C H A P T E R  1

Introduction

The Sun Cluster Runtime Environment (CRE) is a program execution environment that provides basic job launching and load-balancing capabilities.

This manual provides information needed to administer Sun HPC clusters on which MPI programs run under Sun CRE or any other resource manager. The topics covered are organized in the following manner:

The balance of this chapter provides an overview of the Sun HPC ClusterTools software and the Sun HPC cluster hardware on which it runs.


Sun HPC Clusters

A Sun HPC hardware configuration can be a single Sun SMP (symmetric multiprocessor) server or multiple SMPs interconnected into a cluster. Sun HPC ClusterTools software supports parallel jobs of up to 2048 processes per job running on clusters of up to 256 nodes.

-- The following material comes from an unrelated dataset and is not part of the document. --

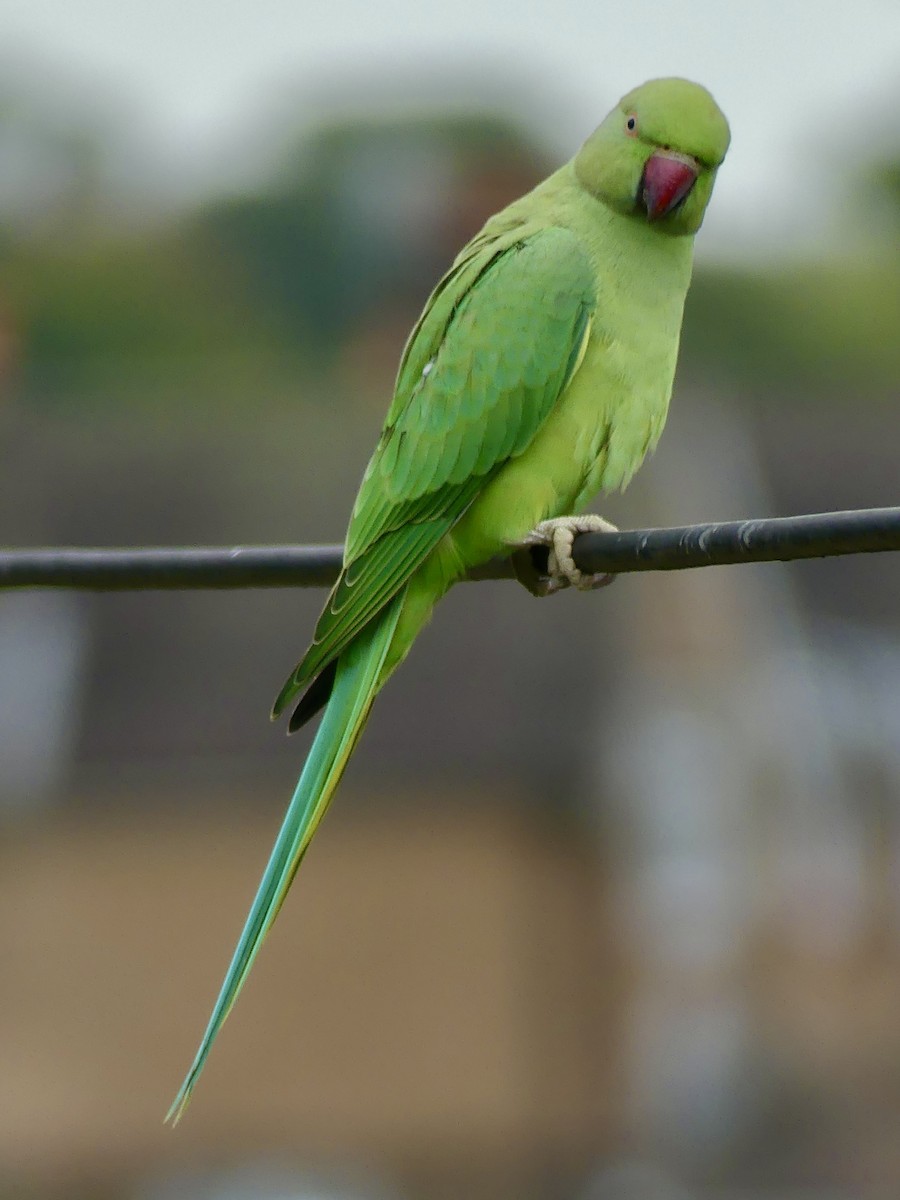 Rose-ringed Parakeet - ML643584621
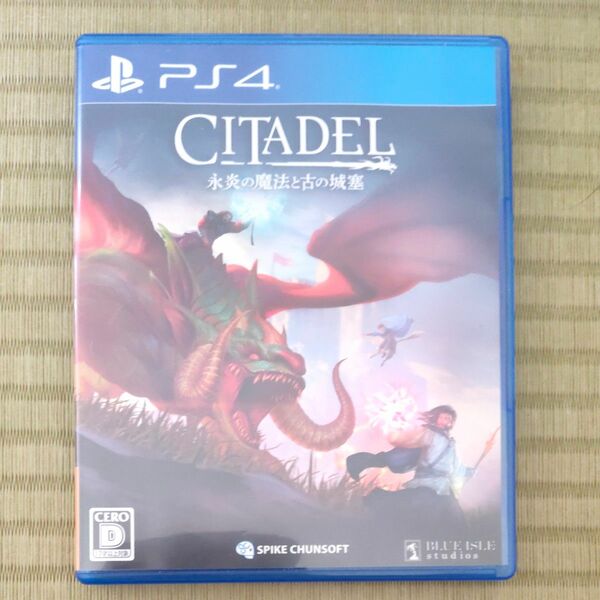 PS4ソフト シタデル CITADEL 火炎の魔法と古の城塞 動作確認済み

Note - An individual SMP server within a Sun HPC cluster is referred to as a node.



Sun HPC clusters can also be built using any Sun-supported TCP/IP interconnect, such as Ethernet, high-speed Ethernet, Gigabit Ethernet, ATM OC-3, ATM OC-12, FDDI, and HIPPI.


Cluster Runtime Environment Daemons

Sun CRE comprises two sets of daemons--the master daemons and the nodal daemons. These two sets of daemons work cooperatively to maintain the state of the cluster and manage program execution.

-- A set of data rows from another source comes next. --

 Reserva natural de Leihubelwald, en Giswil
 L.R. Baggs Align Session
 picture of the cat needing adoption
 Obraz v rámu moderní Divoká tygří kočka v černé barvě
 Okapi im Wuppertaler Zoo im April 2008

The master daemons consist of the daemons tm.rdb, tm.mpmd, and tm.watchd. They run on one node exclusively, which is called the master node. There are two nodal daemons, tm.omd and tm.spmd. They run on all the nodes.


Sun HPC ClusterTools Software

Sun HPC ClusterTools software is an integrated suite of parallel development tools that extend Sun's network computing solutions to high-end distributed-memory applications.

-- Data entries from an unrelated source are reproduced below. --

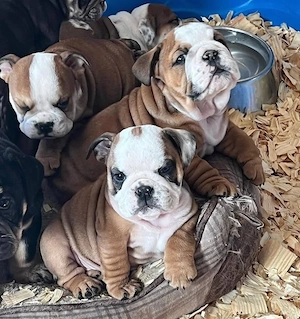 Englische Bulldogge Welpen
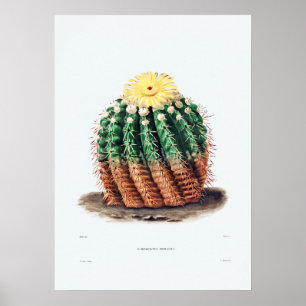 Poster Dessin Nopal d'une image Plante Cactus Fleur Cactu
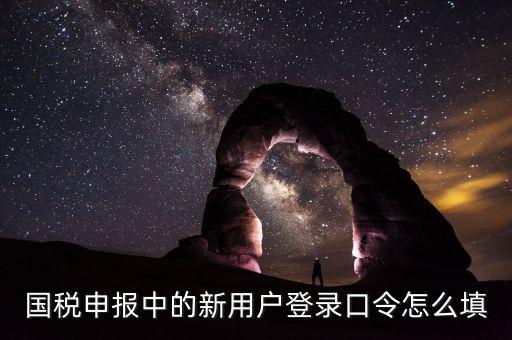 國稅用戶口令是什么，我想問下國家稅務(wù)網(wǎng)上申報點擊安全登錄時出現(xiàn)的用戶口令是什么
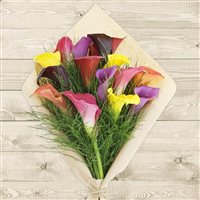 Bouquet de callas multicolores XXL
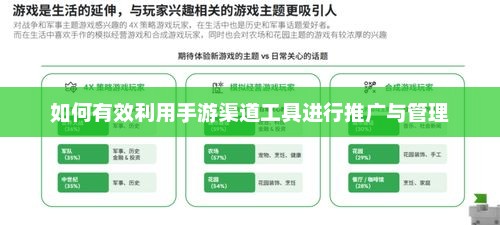 手游渠道工具的优化与管理策略探讨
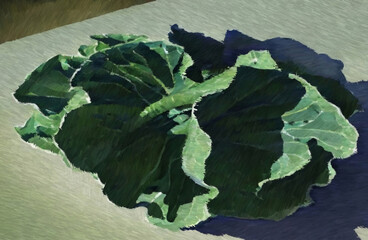 Green lettuce. Food. Digital watercolor painting. Concept art. 2d illustration.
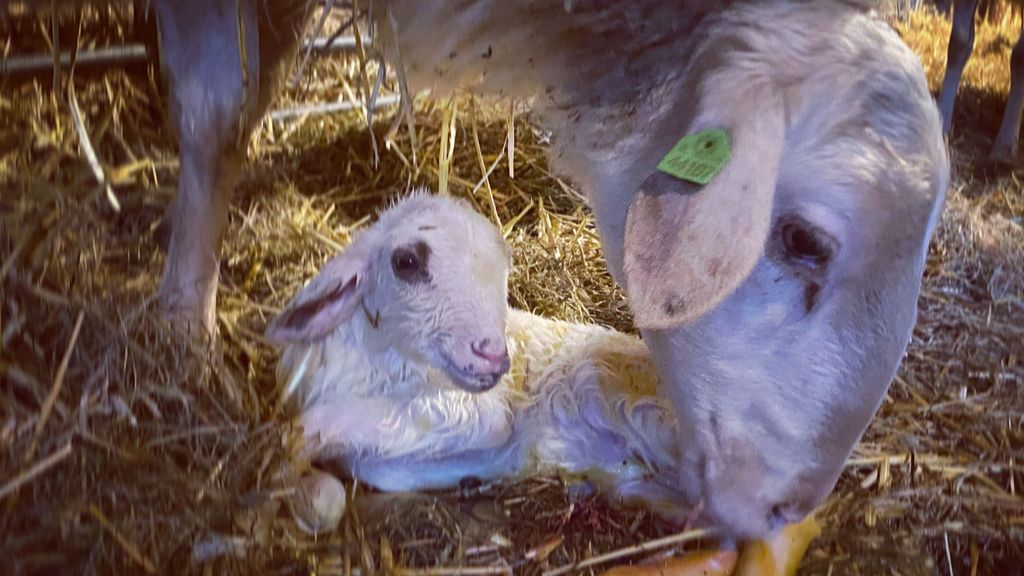 Foto: Eerste drie lammetjes geboren bij schaapskudde in Elspeet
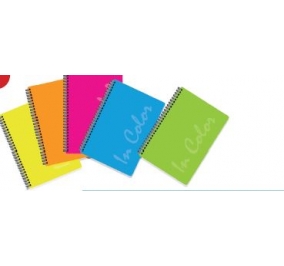 BLOCCO SPIRALATO  FLUO F.TO 29,7X24 RIG.5 MM FF120 5 DIVISORI Colore 5 assortiti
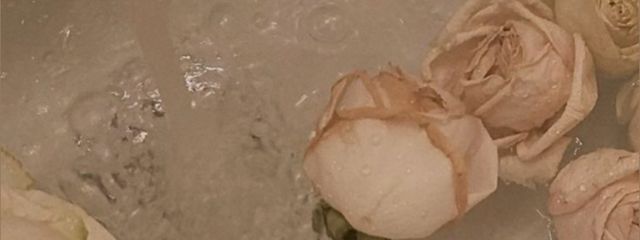 ใใใใ๐ ๐ใใใฎๅฃ็ด็ปๅ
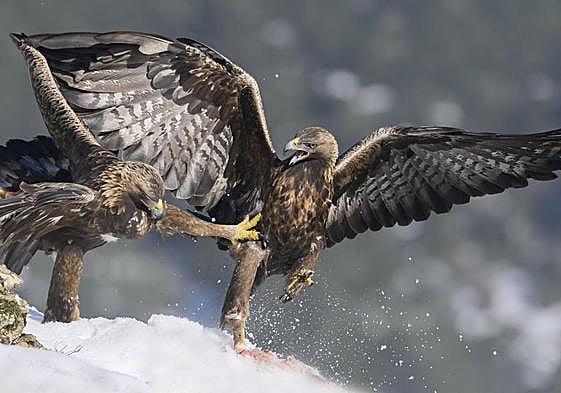 Esta pareja de águilas reales tiene uno de sus nidos muy cerca de donde se contempla un molino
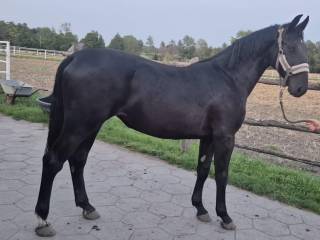 Klacz Śląska Kara Roczna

Sun HPC ClusterTools components run under the Solaris 8 (32-bit or 64-bit) and Solaris 9 Operating Environments.


Sun CRE's Integration With Batch Processing Systems

The Sun CRE environment provides close integration with several batch processing systems, also known as distributed resource managers (DRM). You can launch parallel jobs from a batch system to control resource allocation, and continue to use Sun CRE to monitor job status. The currently supported distributed resource managers are:

To launch a parallel job through a batch processing system, follow these general guidelines:

You can launch the parallel job either through a script or interactively. For details, see Close Integration With Batch Processing Systems.

The architecture selected to implement close integration can easily accomodate new resource managers. For this purpose it provides a Sun CRE wrapper library and a resource manager plugin interface. Both are described in the Sun MPI Software Programming and Reference Manual.

Sun MPI and MPI I/O

Sun MPI is a highly optimized version of the Message-Passing Interface (MPI) communications library. Sun MPI implements the MPI 2 standard. In addition, Sun MPI provides extensions such as support for multithreaded programming, MPI I/O support for parallel file I/O, and others as detailed in the Sun MPI documentation.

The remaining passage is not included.